Столь тягостенъ ударъ!.. Ахъ! Витязь сей, Танкредъ;

Боюсь, чтобъ не погибъ…. чтобъ лютой мечь… нѣтъ! нѣтъ!

Когда бы плѣнникомъ его я принимала!

Когдабъ живому я всю силу показала

Той мести сладостной, для коей я жива!

Вѣщала; тяжкой вздохъ прервалъ ея слова….

Всѣ, всѣ они, рекъ Царь, найдутъ иль плѣнъ, иль гробы….

(Слѣпой! онъ страсть любви щиталъ восторгомъ злобы)!

Клоринда между тѣмъ, склоненна на лукѣ,

Къ Танкреду понеслась; — копье въ ея рукѣ,

Стеклись, ударили въ забрала шлемовъ мѣдныхъ:

Змѣятся въ воздухѣ изгибы молній блѣдныхъ;

Часть шлема у нее отбитая летитъ;

Еще ударъ… онъ снятъ… неожиданной видъ!

На сталь брони волна златыхъ власовъ упала,

Въ ужасномъ ратникѣ красавица предстала. —

Ланиты въ пламени… горитъ враждою взглядъ.

И въ самомъ гнѣвѣ милъ! — Чтожъ будетъ въ часъ отрадъ,

Въ часъ нѣжныя любви? — Танкредъ ожесточенный,

Гдѣ мысль твоя? — гдѣ взоръ? — ужели ослѣпленный,

Еще ты не позналъ небесныхъ сихъ очей?

Вотъ радость! вотъ тоска! мечта души твоей!
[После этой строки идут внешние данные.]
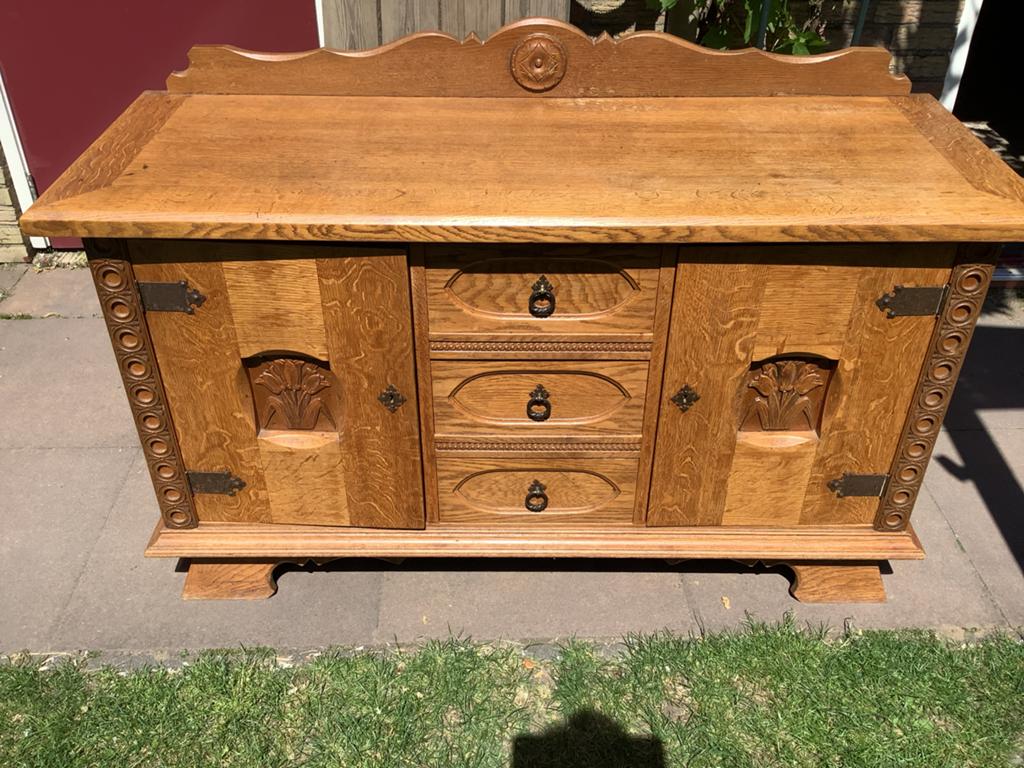 Antiek eiken dressoir met houtsnijwerk, Antiek en Kunst, Antiek | Meubels | Kasten, Ophalen
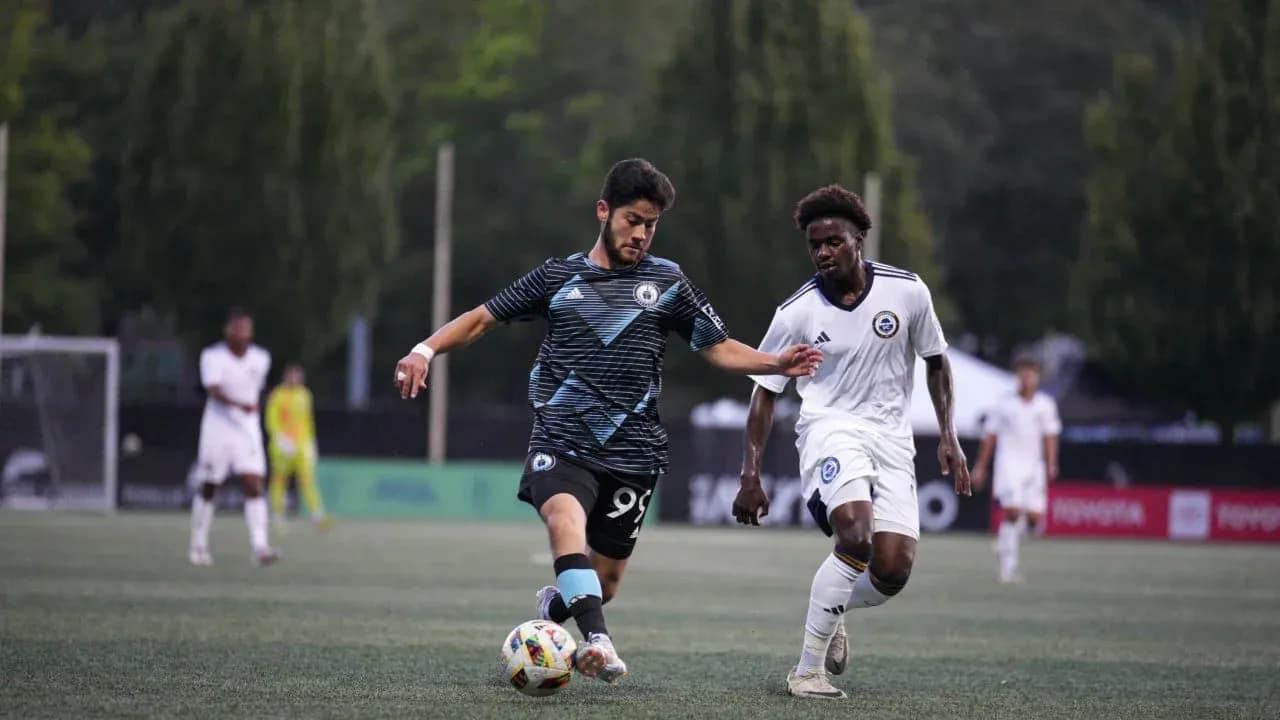 Jugador de Tacoma Defiance driblando a oponente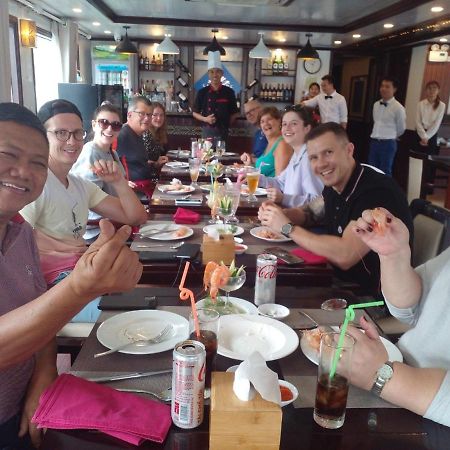 Halong Sapphire Cruise 호텔 반장현 외부 사진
Ахъ! въ сердцѣ у тебя сіе изображенье;

Спроси его; оно разсѣетъ заблужденье,

Се та, которую узрѣла страсть твоя

Въ тѣни древесъ, въ водахъ прохладнаго ручья;

Познай: броня и шлемъ сей, лаврами покрытый,

Таили отъ любви взоръ милый и ланиты!

Сей видитъ наконецъ…. смущенъ, недвижимъ, нѣмъ! —

Она, сокрывъ главу, противъ него съ мечемъ;

Онъ вспять, она за нимъ; женетъ, — бѣжитъ нещастной.

И гряды жертвъ лежатъ стезей его ужасной.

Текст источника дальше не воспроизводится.